Of note, the proposed rules would for the first time include protections for transgender and nonbinary students, and they would extend protections to pregnant and parenting students. Significantly, there would be no requirement that live hearings take place and the evidentiary standard would return to a "preponderance of the evidence," rather than "clear and convincing."
A Title IX investigation is not a legal investigation. It examines violations of school policy, and schools that fail to appropriately respond to such violations could lose federal funding. Institutions of higher education should therefore have formal, thorough processes for receiving, investigating, and resolving reports of alleged violations.
The proposed rules allow institutions to offer informal resolution for sex discrimination complaints. Ideally, such a forum would bring the claimant or alleged victim and his or her attorney together with the school's Title IX coordinators, investigators, decision makers and facilitators, as well as an experienced professional mediator or neutral whose role would be to listen to the parties and help them identify a path toward settlement and resolution, while targeting issues that require change. The mediator would also help the parties explore avenues for helping the alleged victim move forward while ensuring that other students are not similarly victimized.
The timing of the new rules is significant. Recent reports have shown that few alleged perpetrators face penalties or expulsion. An Interagency Task Force on Sexual Violence in Education was established in 2022 under the Departments of Education, Justice, and Health and Human Services. The task force was charged with developing recommendations for the Biden administration and for schools and colleges to increase efforts to prevent sexual and dating violence, support survivors, and create culturally responsive training and education for students and staff.

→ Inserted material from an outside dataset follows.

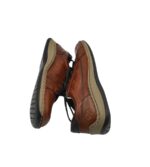 Mocasini/pantofi barbati Rieker , piele, maro - imagine 4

On Nov. 30, 2022, the task force released its first report to Congress on sexual violence in education. The report looked at gaps in Title IX investigations and in the enforcement, recruitment and retention of Department of Education Office for Civil Rights (OCR) and Clery investigators; outreach and training for law enforcement and educational institutions; and best practices in the areas of campus sexual violence prevention, investigation and response. The report noted that OCR was developing new Clery Act guidance and that the Department of Education was developing a standardized campus climate survey tool to be used by higher education institutions.
Schools subject to Title IX have an obligation to fairly and thoroughly investigate all allegations of sexual assault, wherever they occur on campus. They must take such allegations seriously and take appropriate action when evidence supports a finding of alleged misconduct. All victims should be given assurance that they will not face retaliation for reporting assaults, and schools should commit to doing everything in their power to ensure a just and equitable resolution of reported incidents. Of course, mediation and other modes of alternative dispute resolution continue to be highly effective tools for helping all parties resolve their differences and establishing a clear and thoughtful plan for moving forward in a positive direction.